35年トータルの返済額で変動型が有利
2つ目は、長期的に見たときの金利です。私の見立てが外れて早期に政策金利が2%、3%に引き上げられたとしても、その金利が35年間続く可能性は低いと考えられます。
金利は基本的に景気サイクルと連動します。好景気になれば金利は上がりますし、不景気になれば下がります。仮に35年間、高金利が続くとすれば、その間は、ずっと日本経済も好景気が続くことになります。それは難しいでしょう。
そう考えると、住宅ローンの金利も上がったら下がり、下がったら上がる、波のような動きをすると考えられます。35年の返済期間をトータルで考えれば、固定型よりも変動型の金利が高くなるのは考えにくいのです。
以上の2つの理由から、私は変動型が有利と考えています。
では、現在、変動型を借りている人は何もしなくていいのか。それは違います。これから金利が上がることは確かですから、いまのうちにできる対策を講じておく必要があります。
変動から変動への借り換えで負担を減らすことも
一つは金利が上昇したときに返済が続けられるかどうかセルフチェックをしておくことです。なかには金利が上がった時点で「固定型に借り換えればいい」と考えている人もいますが、そのときには固定型の金利は相当に上がってしまい、返済額が上がってしまうでしょう。
この先、変動型の金利が上昇して返済額が増えても家計が破綻しないように支出を見直しておくことが必要です。
もう一つの対策として、変動型から変動型へ借り換える方法があります。住宅ローンの金利は基準金利がベースとなり、そこからどの程度のディスカウント(引き下げ幅のこと。優遇幅とも言う)をおこなうかで適用金利が決まります。
つまり、ディスカウント率が大きいほど、負担する金利を低くできます。キャンペーンなどで、より大きなディスカウントが受けられる金融機関を探すのが有利なのです。
たとえば、モゲチェックでは一定の条件を満たすと、変動型で0.29%の優遇金利を実施しています(10月末まで)。この場合、現在借りている金利が0.525%以上であれば、借り換えで返済額を減らすことができます。また、auじぶん銀行では、普通預金残高に応じて、住宅ローン利息の一部を毎月現金でキャッシュバックするキャンペーンを10月15日から開始しました。こうしたキャンペーン情報をこまめにチェックすることも重要です。
その際には、団信の内容も確認してください。
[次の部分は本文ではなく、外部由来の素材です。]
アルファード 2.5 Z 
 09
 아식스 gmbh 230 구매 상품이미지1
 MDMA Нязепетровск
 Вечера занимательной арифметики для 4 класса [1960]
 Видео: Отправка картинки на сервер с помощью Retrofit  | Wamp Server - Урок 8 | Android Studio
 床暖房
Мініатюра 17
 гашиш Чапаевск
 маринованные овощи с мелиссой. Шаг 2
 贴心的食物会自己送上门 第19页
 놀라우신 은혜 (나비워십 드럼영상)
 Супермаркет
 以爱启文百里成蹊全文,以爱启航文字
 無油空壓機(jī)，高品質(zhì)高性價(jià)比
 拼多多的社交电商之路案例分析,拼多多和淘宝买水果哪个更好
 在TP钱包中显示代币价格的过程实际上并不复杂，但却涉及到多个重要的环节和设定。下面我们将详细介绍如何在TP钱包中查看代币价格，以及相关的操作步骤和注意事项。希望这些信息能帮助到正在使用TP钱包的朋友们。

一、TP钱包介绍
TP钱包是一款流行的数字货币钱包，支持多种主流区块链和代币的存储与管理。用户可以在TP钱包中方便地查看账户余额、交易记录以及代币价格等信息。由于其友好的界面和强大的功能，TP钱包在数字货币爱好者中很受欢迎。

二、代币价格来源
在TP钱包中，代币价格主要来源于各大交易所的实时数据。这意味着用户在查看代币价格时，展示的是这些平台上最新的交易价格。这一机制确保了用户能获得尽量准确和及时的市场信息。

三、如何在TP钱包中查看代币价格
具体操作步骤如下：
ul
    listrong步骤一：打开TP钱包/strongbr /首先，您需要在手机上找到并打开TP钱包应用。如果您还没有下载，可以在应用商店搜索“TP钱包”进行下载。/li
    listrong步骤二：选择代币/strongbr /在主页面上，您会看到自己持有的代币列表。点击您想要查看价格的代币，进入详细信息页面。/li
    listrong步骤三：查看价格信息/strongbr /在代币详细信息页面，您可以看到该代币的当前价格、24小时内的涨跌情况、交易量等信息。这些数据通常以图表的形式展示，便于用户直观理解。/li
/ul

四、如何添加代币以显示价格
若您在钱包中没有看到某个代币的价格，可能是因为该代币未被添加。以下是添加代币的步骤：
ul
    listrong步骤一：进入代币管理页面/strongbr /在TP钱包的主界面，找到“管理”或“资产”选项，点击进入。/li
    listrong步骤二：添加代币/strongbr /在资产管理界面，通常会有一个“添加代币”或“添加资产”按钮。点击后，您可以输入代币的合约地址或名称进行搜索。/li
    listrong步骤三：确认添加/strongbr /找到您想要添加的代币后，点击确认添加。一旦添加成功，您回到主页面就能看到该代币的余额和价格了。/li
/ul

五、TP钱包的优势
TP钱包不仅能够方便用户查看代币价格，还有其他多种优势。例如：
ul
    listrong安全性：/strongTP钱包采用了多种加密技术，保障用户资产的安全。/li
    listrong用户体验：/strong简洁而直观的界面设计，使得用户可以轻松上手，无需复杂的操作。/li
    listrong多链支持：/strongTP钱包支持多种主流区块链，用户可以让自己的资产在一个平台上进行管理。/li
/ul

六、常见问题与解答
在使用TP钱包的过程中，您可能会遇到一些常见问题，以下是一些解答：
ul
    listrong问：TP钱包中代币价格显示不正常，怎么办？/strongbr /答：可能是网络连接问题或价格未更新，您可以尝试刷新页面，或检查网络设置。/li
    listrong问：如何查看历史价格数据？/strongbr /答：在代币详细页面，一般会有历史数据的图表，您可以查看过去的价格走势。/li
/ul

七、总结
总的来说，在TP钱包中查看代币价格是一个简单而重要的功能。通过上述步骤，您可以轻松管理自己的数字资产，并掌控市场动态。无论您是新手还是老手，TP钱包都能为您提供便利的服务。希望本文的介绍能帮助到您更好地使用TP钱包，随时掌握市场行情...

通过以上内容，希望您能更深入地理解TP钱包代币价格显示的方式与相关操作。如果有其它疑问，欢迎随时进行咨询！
金利が多少高くても、保障内容が充実している住宅ローンを選ぶのも一つの方法です。
もし、「今後大幅に金利が上昇する可能性が高い」と考えるのであれば、固定金利に借り換える方法もあります。その場合でも全期間固定ではなく、固定期間20年の固定特約商品にすることで金利を抑えることはできます。21年目以降は、その時点の固定金利を選ぶか変動金利を選ぶかになりますが、それほど残高は残っていませんので、変動金利が上がっていたとしても、大きな影響は受けないでしょう。